Friedrich Nietzsche affirms nothing: he disapproves of rapid conclusions on grave subjects, and, so long as he is hesitant, likes to abstain from them. But when he commits himself, it will be with a whole heart. Meanwhile he stays his thought. But, despite himself, it overflows at times in its effort towards expression. “Very often,” he writes, “submission to the will of God and humility are but a mantle thrown over the cowardice and pusillanimity which we experience at the moment when we ought to face our destiny with courage.” All the Nietzschean ethics, all the Nietzschean heroism are included in these few words.

We have named the authors who were Nietzsche’s favourites at this time: Schiller, Byron, Hölderlin—of these he preferred Hölderlin, then so little known. He had discovered him, as one discovers, at a glance, a friend in a crowd. It was a singular encounter. The life of this child, now scarcely begun, was to resemble the life of the poet who had just died. Hölderlin, the son of a clergyman, had wished to follow his father’s vocation. In 1780 he is studying theology at the University of Tübingen with comrades whose names are Hegel, Sendling. He ceases to believe. He comes to know Rousseau, Goethe, Schiller, and the intoxication of romanticism. He loves the mystery of nature, and the lucid mind of Greece; he loves them together, and dreams of uniting their beauties in a German work. He is poor, and has to live the hard life of a needy poet. As a teacher, he endures the ennui of wealthy houses in which he is despised generally, and once is loved too much—a brief rapture that ends in distress.

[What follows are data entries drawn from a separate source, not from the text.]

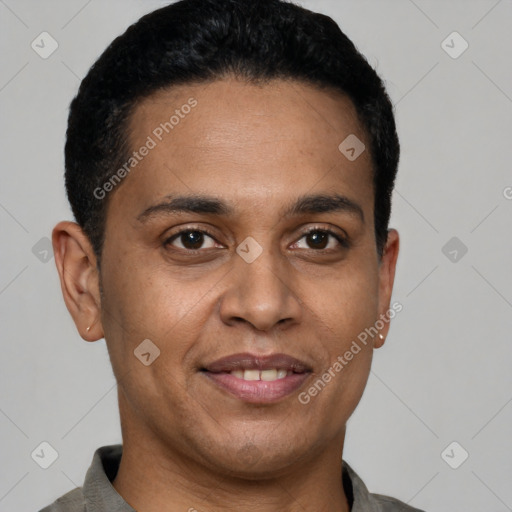 Joyful latino young-adult male with short  black hair and brown eyes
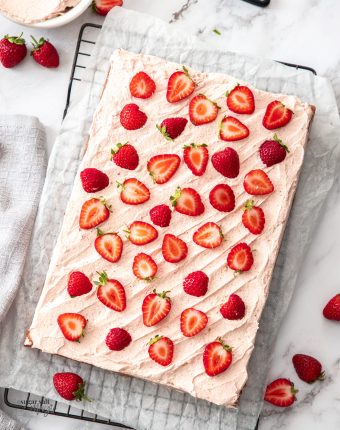 Top down view of a strawberry sheet cake.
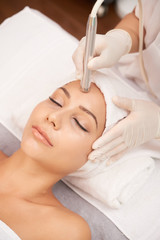 Obraz na płótnie Canvas Relaxed woman lying in beauty salon and having anti-wrinkle therapy on her forehead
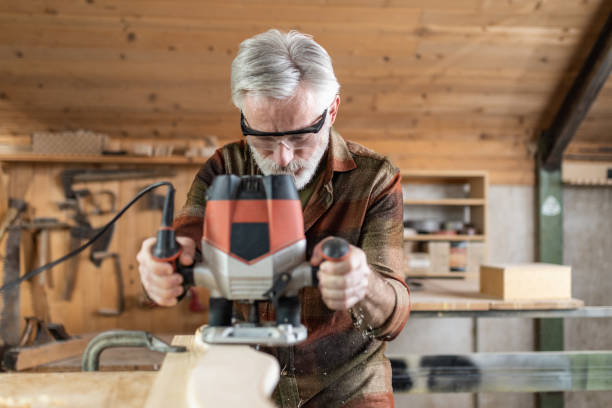 istock Senior Carpenter Working In His Old-Fashion Workshop 1136856723
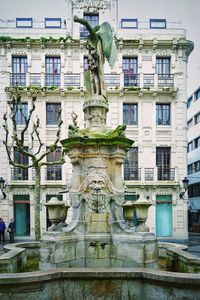 Statue of building with city in background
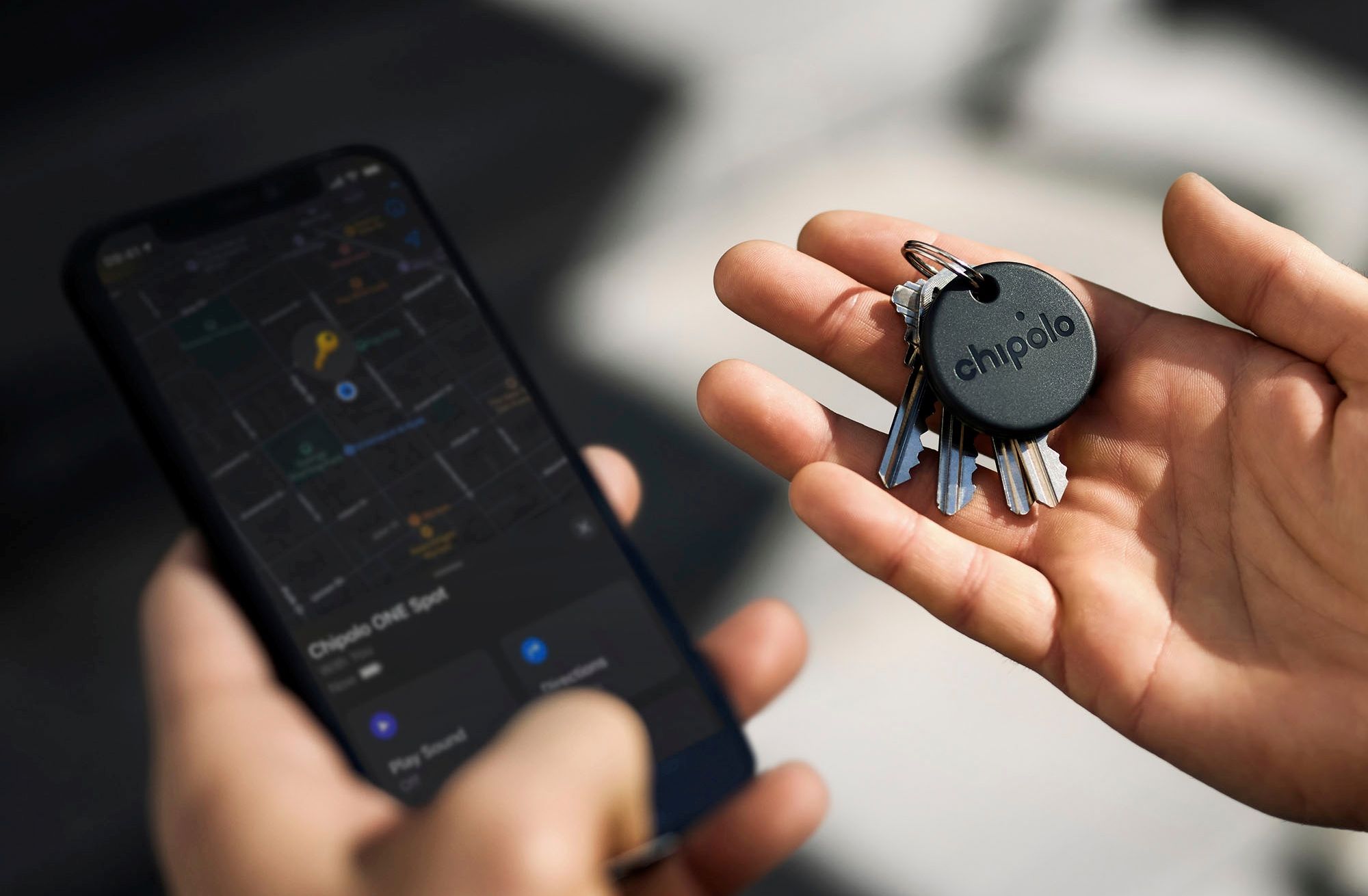 person holding a Chipolo one smart tag attached to keys and a smartphone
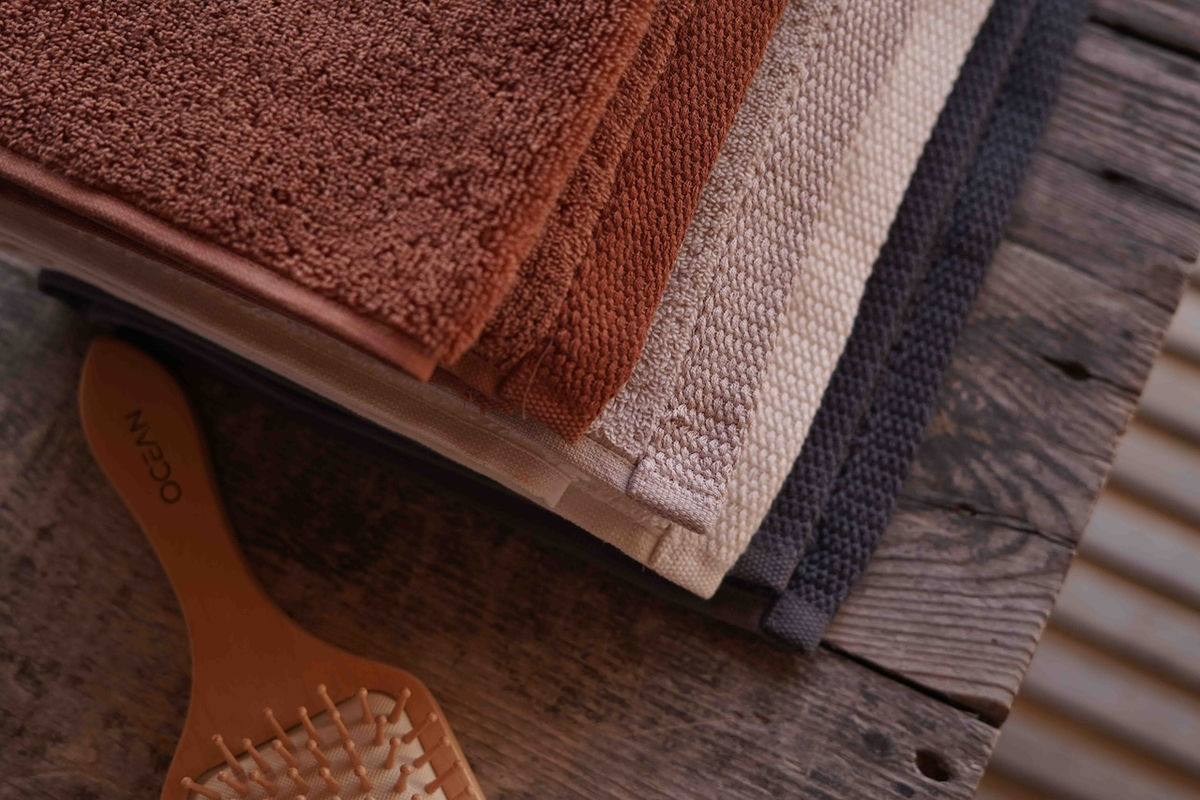 Stack of brown, beige, and gray towels on a wooden surface with a hairbrush.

He returns to his native village, for its air and its people are pleasant to him. He works, writes at his leisure, but as it pains him to live at the expense of his own family, he goes away again. He has some of his verses published; but the public shows no taste for those fine poems in which the genius of an unknown German calls up the Gods of Olympus to people the deep forests of Suabia and the Rhineland. The unhappy Hölderlin dreams of vaster creations, but goes no farther than a dream: Germany is a world in itself, and Greece is another; the inspiration of a Goethe is needed to unite them, and to fix in eternal words the triumph of Faust, the ravisher of Helen. Hölderlin writes fragments of a poem in prose: his hero is a young Greek, who laments over the ruin of his race and, frail forerunner of Zarathustra, calls for the rebirth of a valorous humanity. He composes three scenes of a tragedy, taking for his hero Empedocles, tyrant of Agrigentum, poet, philosopher, haughty inspirer of the multitude, a Greek isolated among the Greeks by reason of his very greatness, a magician, who, possessing all nature, wearies of the satisfactions which one life can offer, retires to the summit of Etna, sends away his family, his friends, his appealing people, and flings himself, one evening, at sunset, into the crater.

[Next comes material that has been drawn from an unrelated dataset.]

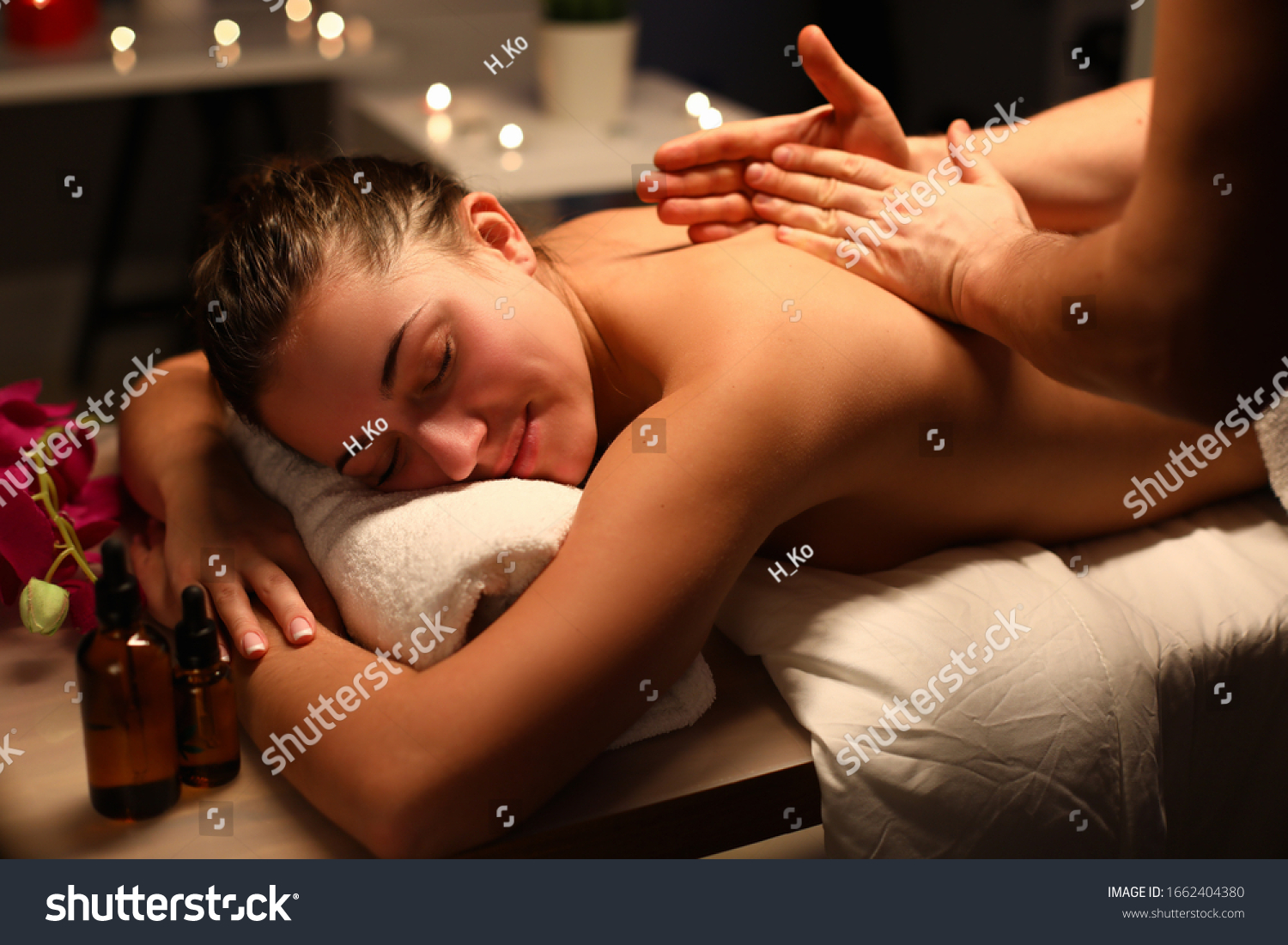 Young woman doing relaxing back massage in salon. Classic massage for purpose prevention. Anxiety disappears  tension is relieved. Lady in cozy atmosphere cabin to feel peace and quiet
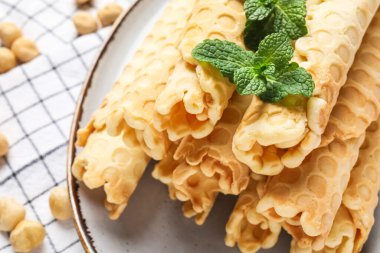 Plate with delicious wafer rolls and mint on napkin, closeup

The work is full of power; but Hölderlin abandons it. His melancholy enfeebles and exalts him. He wishes to leave Germany where he has suffered so much, and to free his relatives from the inconvenience of his presence. Employment is offered to him in France, at Bordeaux, and he disappears. Six months later he returns home sunburnt and in rags. He is questioned, but he does not reply. Enquiries are made and it is, with great difficulty, discovered that he had crossed France on foot under the August sun. His mind is gone, swallowed up in a torpor which is to last for forty years. He dies in 1843, a few months before the birth of Nietzsche. It might please a Platonist to think that the same genius passed from one body to the other. Surely the same German soul, romantic by nature, and classic in aspiration, broken at length by its desires, animated these two men, and predestined them to the same end. One seems to surprise across the tenor of their lives the blind labour of the race, which, pursuing its monotonous bent, sends into the world, from century to century, like children for like ordeals.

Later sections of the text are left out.